__THE TASK__: Starting at the line that contains "One of the things", reproduce only the lines through the end of the data, exactly, including both the first and the last; skip the pictures.

__THE INPUT__:
'''

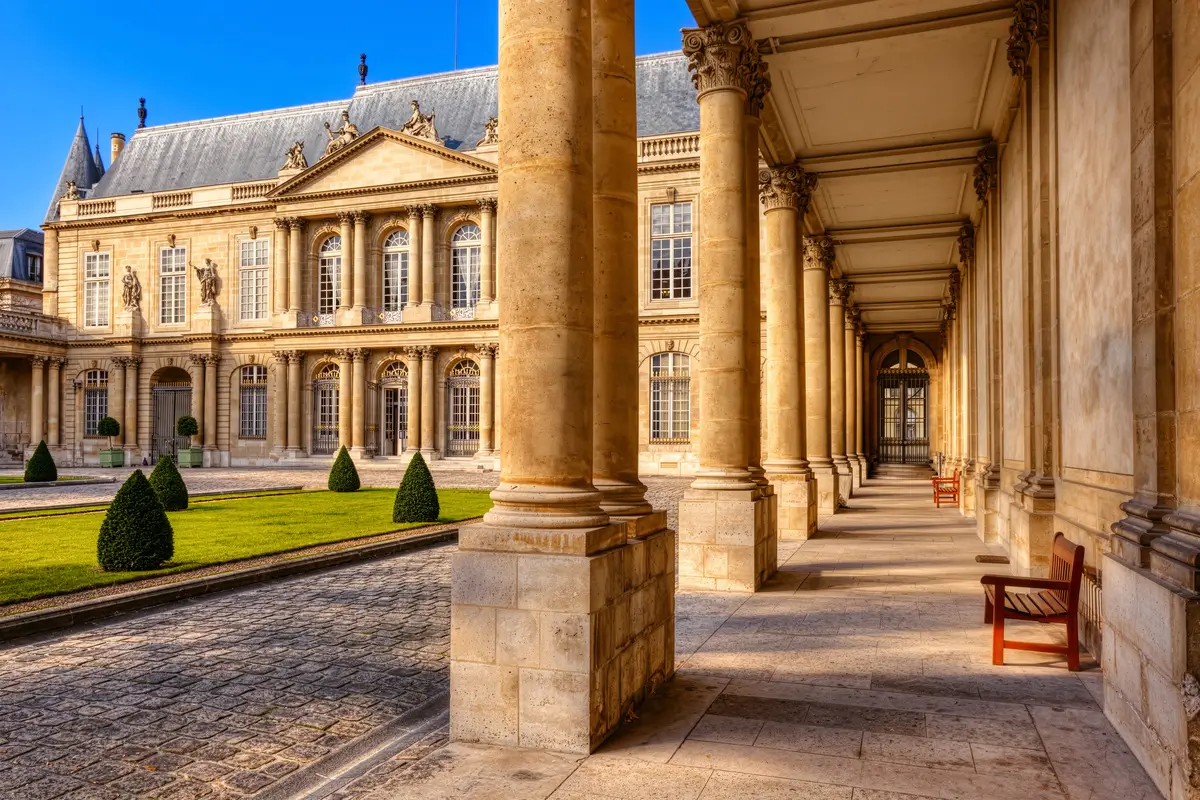 Marais District - Archives Nationales - Soubise Private Mansion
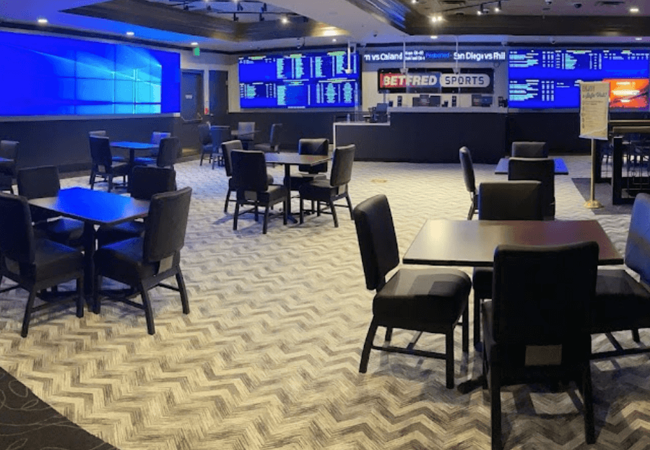 Betfred Sportsbook Room 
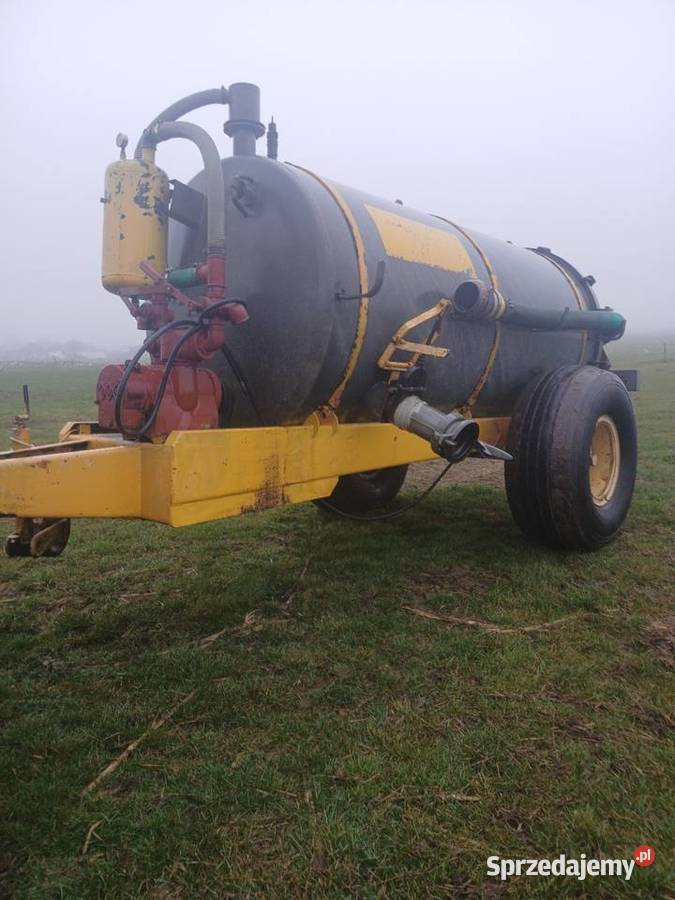 Beczkowóz veenhuis mazowieckie Sierpc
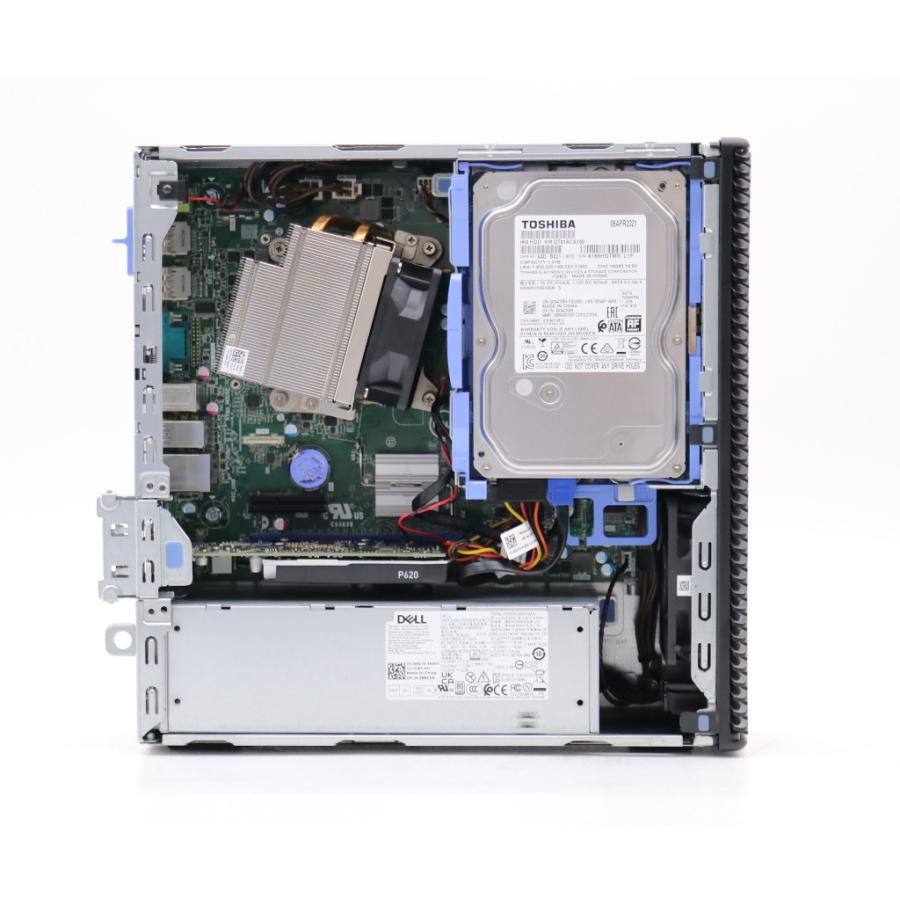 Windowsデスクトップ DELL Precision 3430 SFF Xeon SSD+HDD デスクトップ DELL Precision 3430 SFF Core i5-8500 3.00GHz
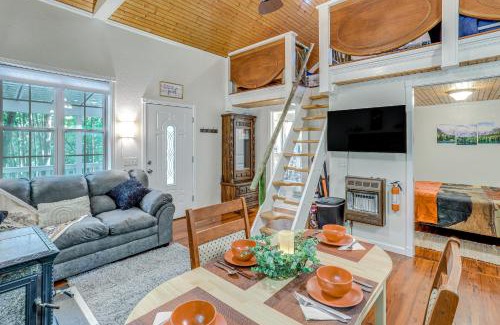 Newnata House | Secluded Vacation Rental Bordering Creek!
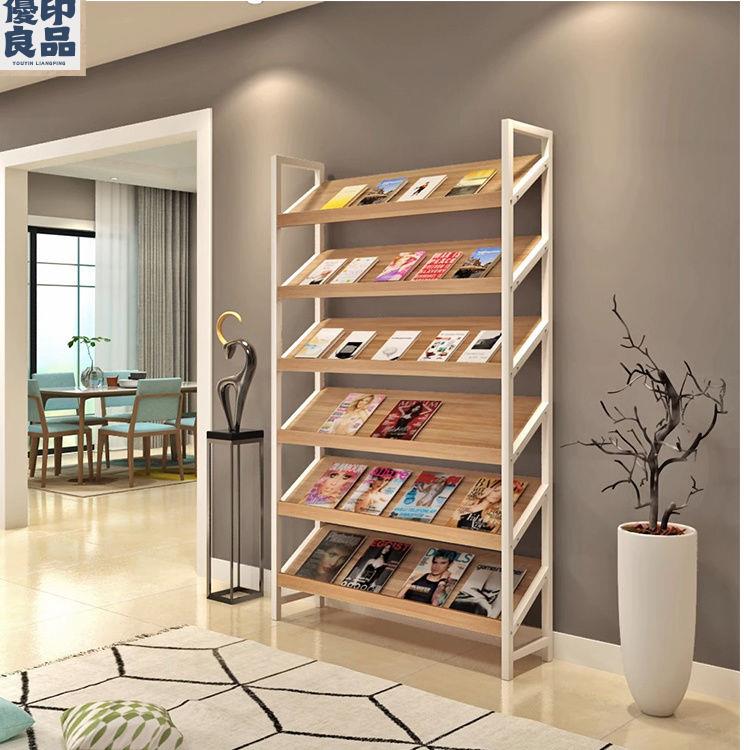 公司貨 免運 資料架 雜誌架 置物架 宣傳海報架 展示架 A4雜志宣傳資料架展示架子書報置物架展架收納落地報紙報刊架多層工廠現貨直銷 售後保障 全館八折 店長新品推薦 5y911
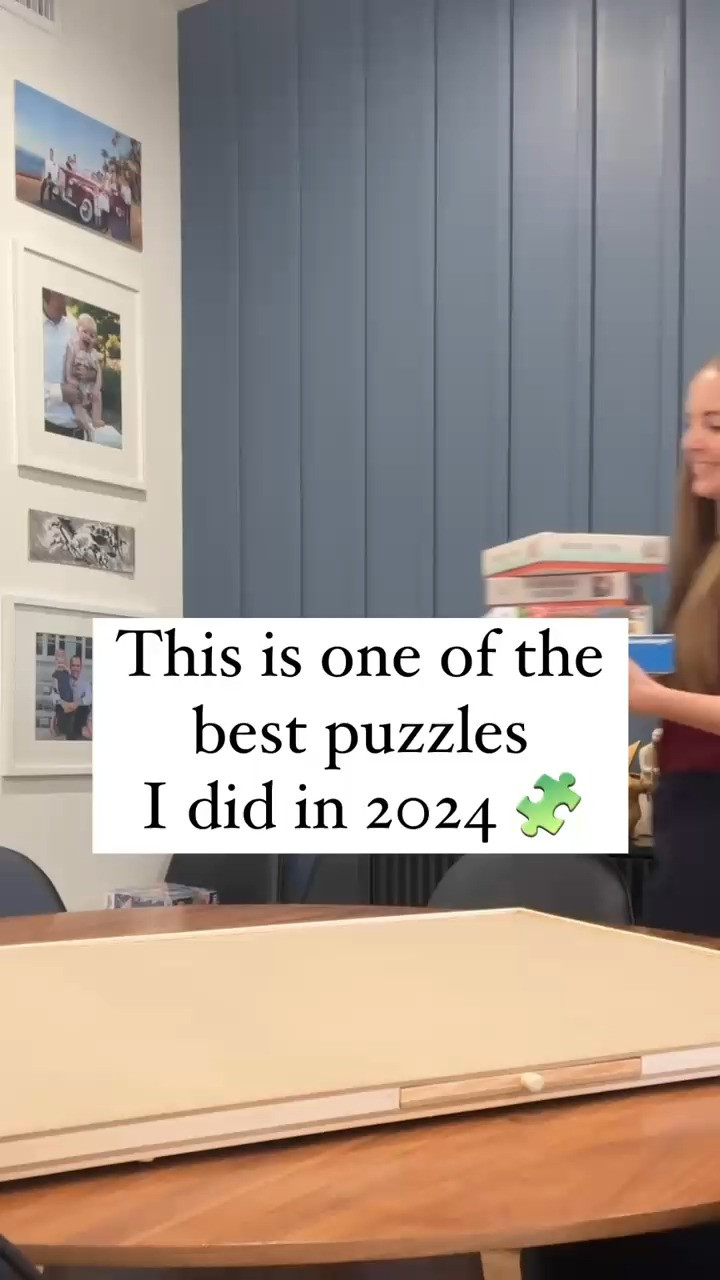 One of the things I love about puzzles is that I can look at a puzzle box and instantly remember what I listened to while I worked on it. That combination of doing something tactile with a strong visual component AND listening really makes an impact on my brain! Here are the puzzles I most enjoyed doing in 2024! 

 #LTKSeasonal #LTKFindsUnder50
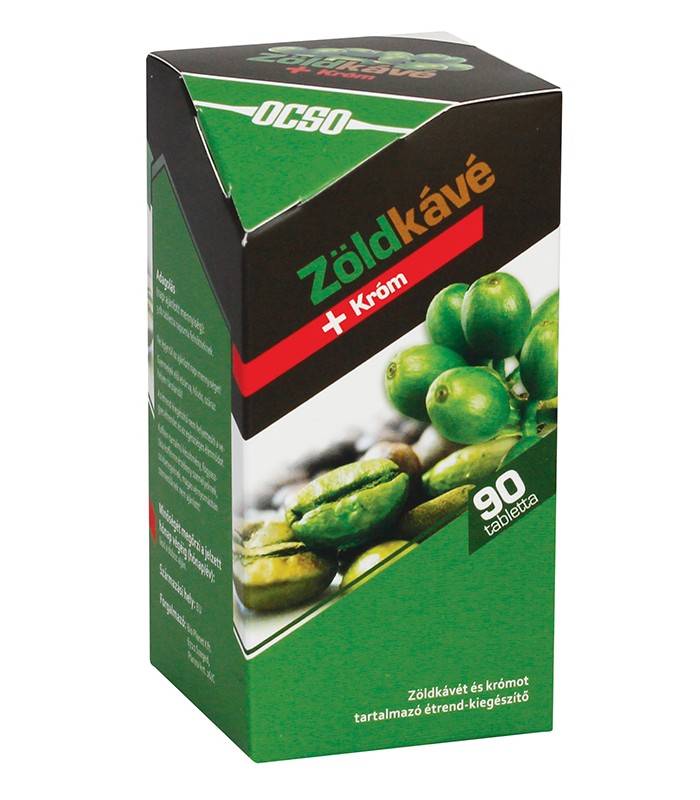 Ocso Extract de Cafea Verde 150mg plus Crom 90 tablete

'''

__OUTPUT__:
 One of the things I love about puzzles is that I can look at a puzzle box and instantly remember what I listened to while I worked on it. That combination of doing something tactile with a strong visual component AND listening really makes an impact on my brain! Here are the puzzles I most enjoyed doing in 2024! 

 #LTKSeasonal #LTKFindsUnder50
 Ocso Extract de Cafea Verde 150mg plus Crom 90 tablete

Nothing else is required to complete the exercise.